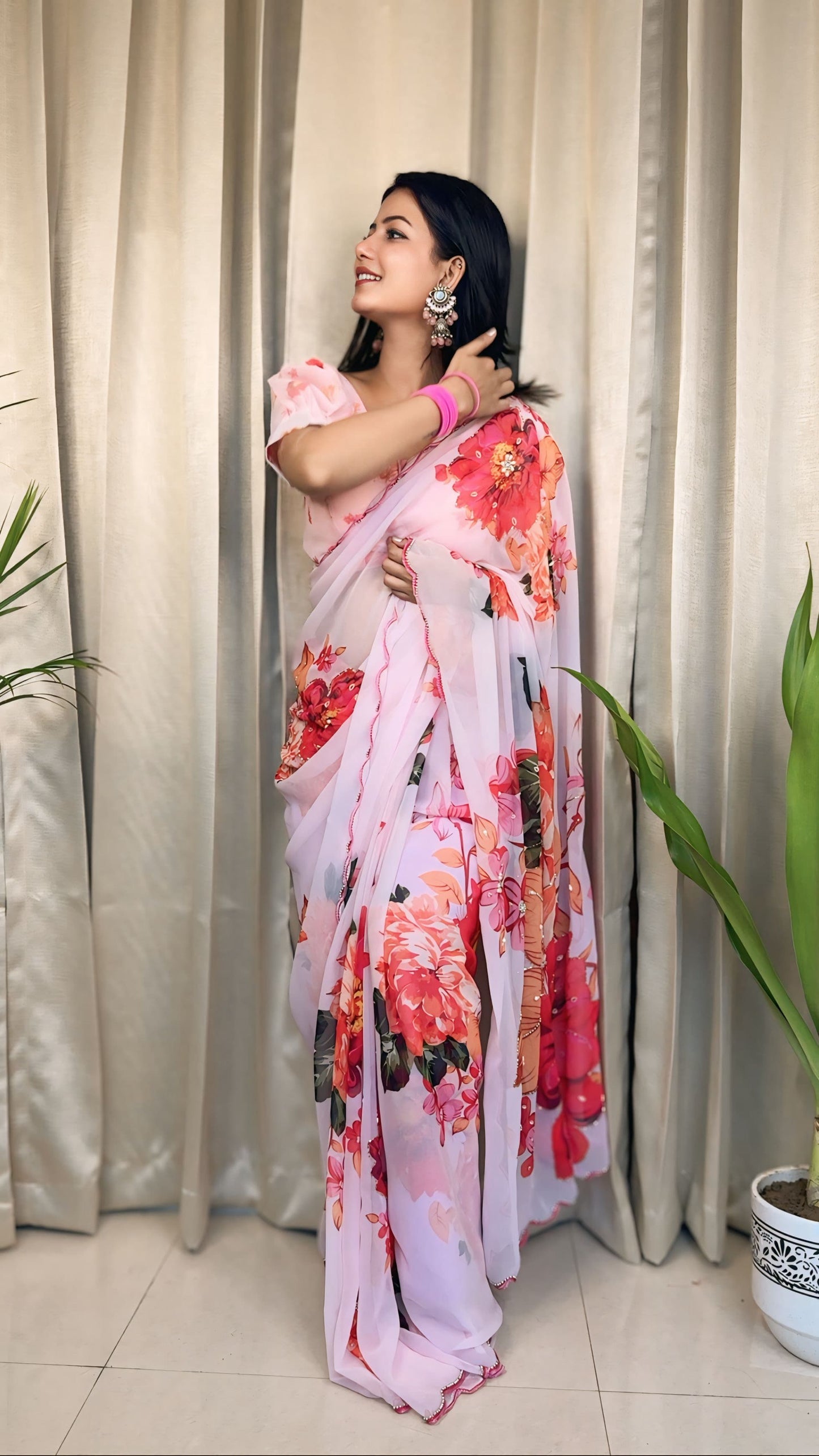 Floral Prints and Handwork Soft Georgette Silk Saree with Readymade Blouse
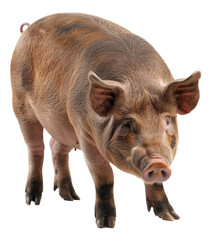 Adult pig standing on transparent background - stock png.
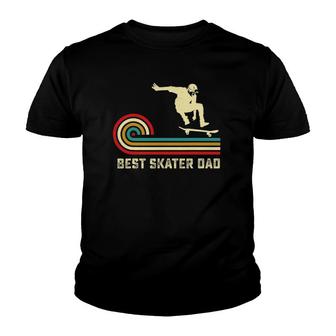 Retro Best Skater Dad Gift Skateboarding Father Skateboarder Youth T-shirt | Mazezy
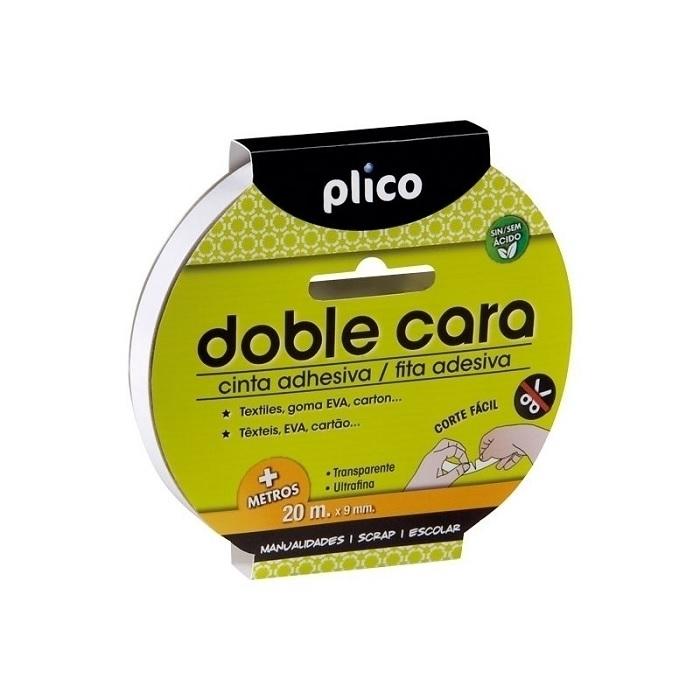 CINTA ADHESIVA DOBLE CARA 9X20M PLICO ROLLO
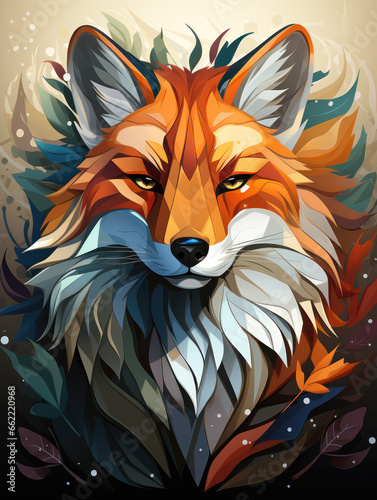beautiful fox art with blue, green and orange nature generatieve ai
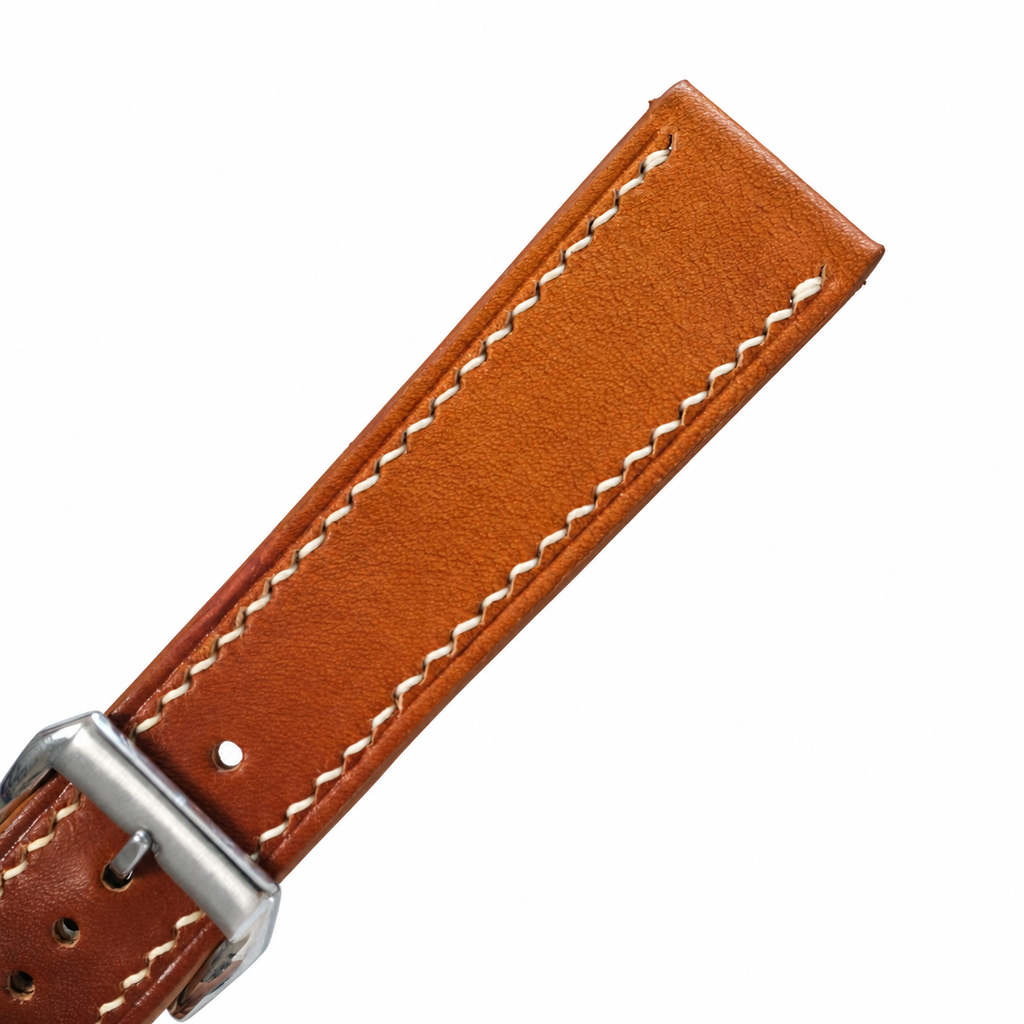 Hand-Patina Cognac Brown Veg-Tanned Leather Watch Strap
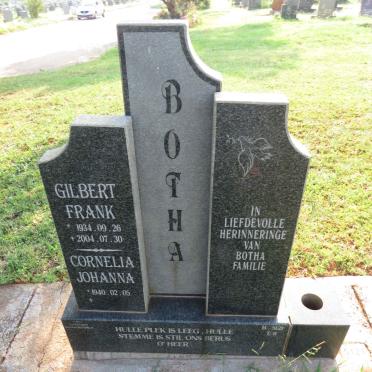 BOTHA Gilbert Frank 1934-2004 & Cornelia Johanna 1940-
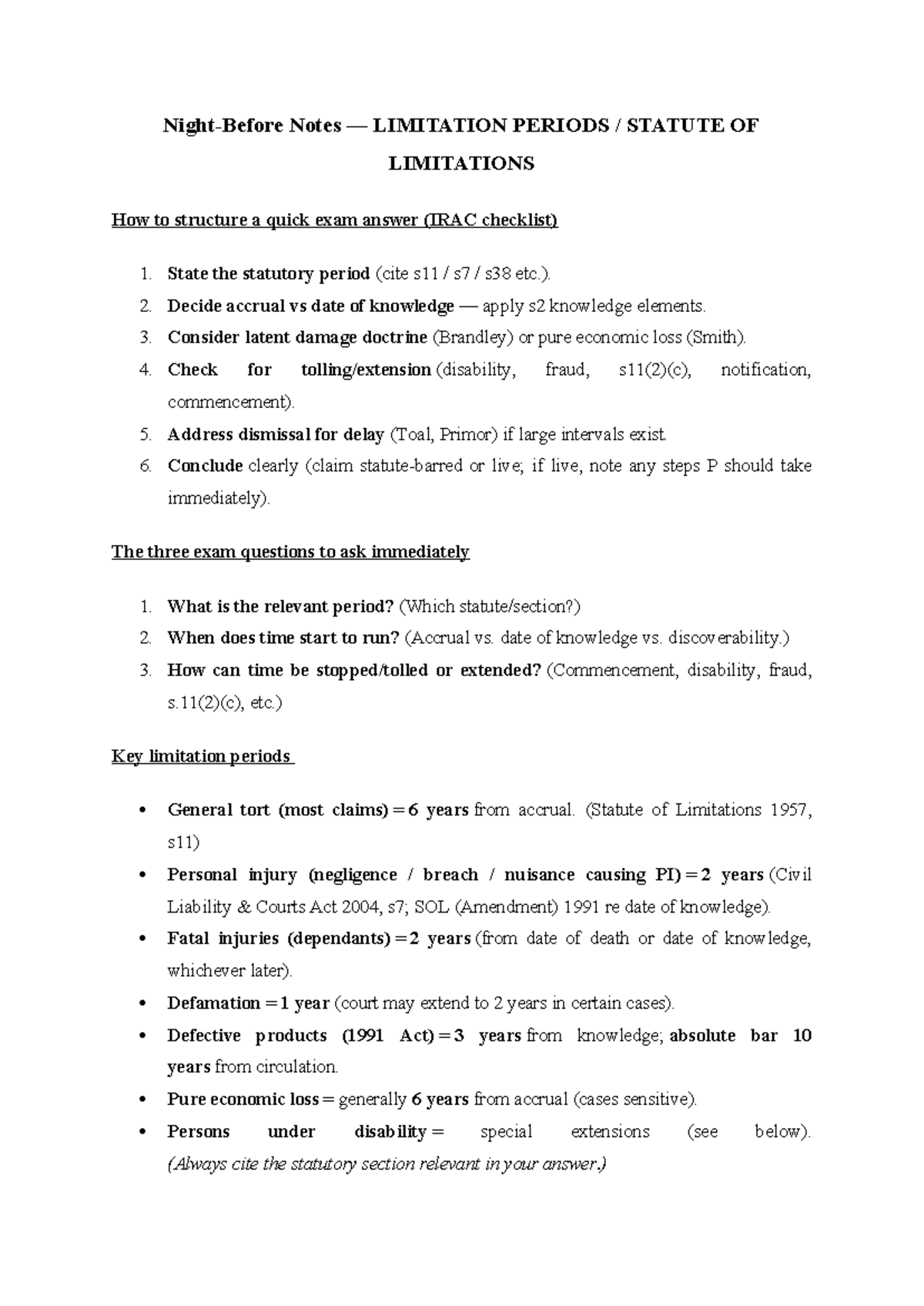Night-Before Notes: Limitation Periods & Statute of Limitations Exam ...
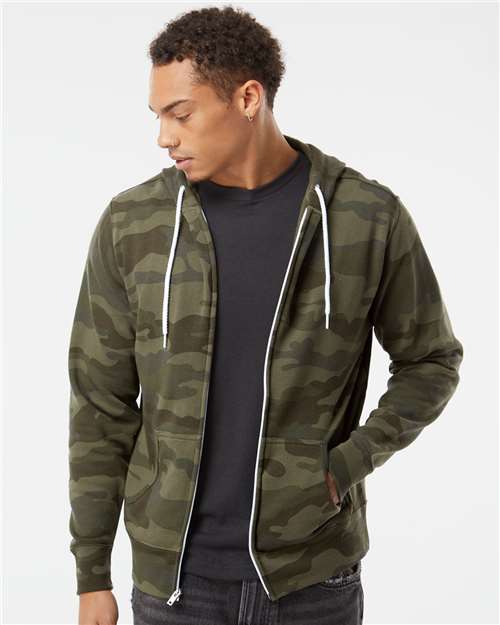 Lightweight Full-Zip Hooded Sweatshirt - OnModelFront - B81076623 - Forest Camo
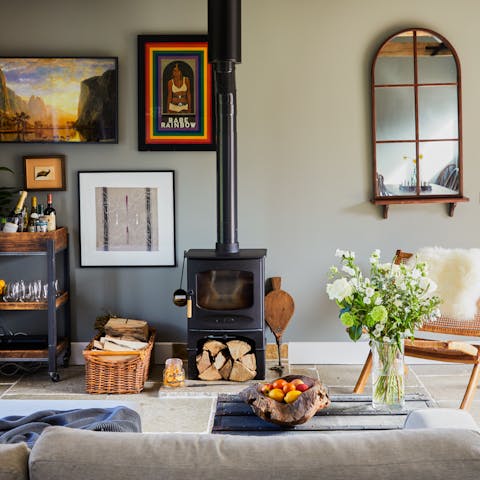 Throw a log on the fire and cosy up for the evening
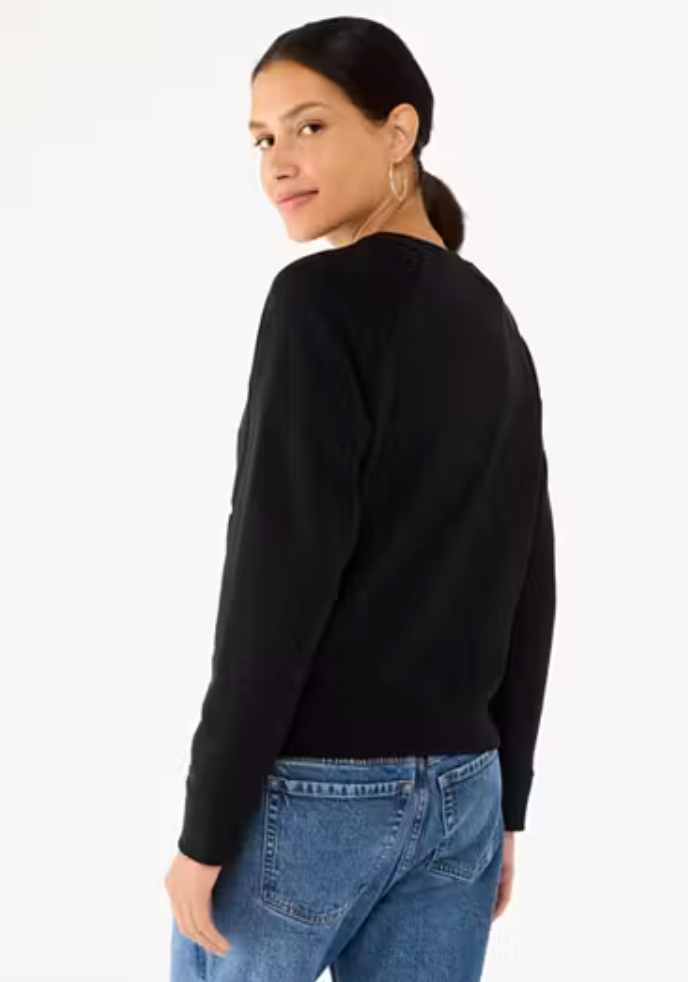 Kate Spade Glitter Logo Sweatshirt In Black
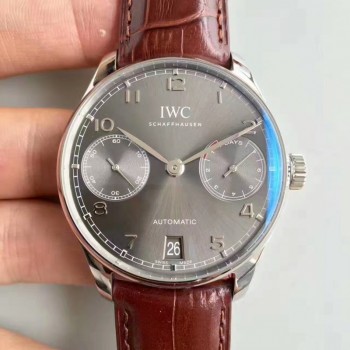 Réplique IWC Portugieser IW500106 Cadran Gris en acier inoxydable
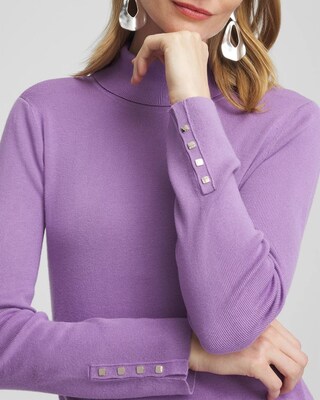 Ecovero™ Button Cuff Turtleneck Sweater click to view larger image.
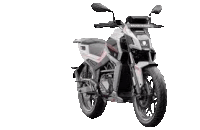 a motorcycle is sitting on a white surface .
········
* **The problem**: Set down word for word each line from the one containing "Réplique IWC Portugieser" through the end of the material, and keep the pictures out of it.

* **Output**:
 Réplique IWC Portugieser IW500106 Cadran Gris en acier inoxydable
 Ecovero™ Button Cuff Turtleneck Sweater click to view larger image.
 a motorcycle is sitting on a white surface .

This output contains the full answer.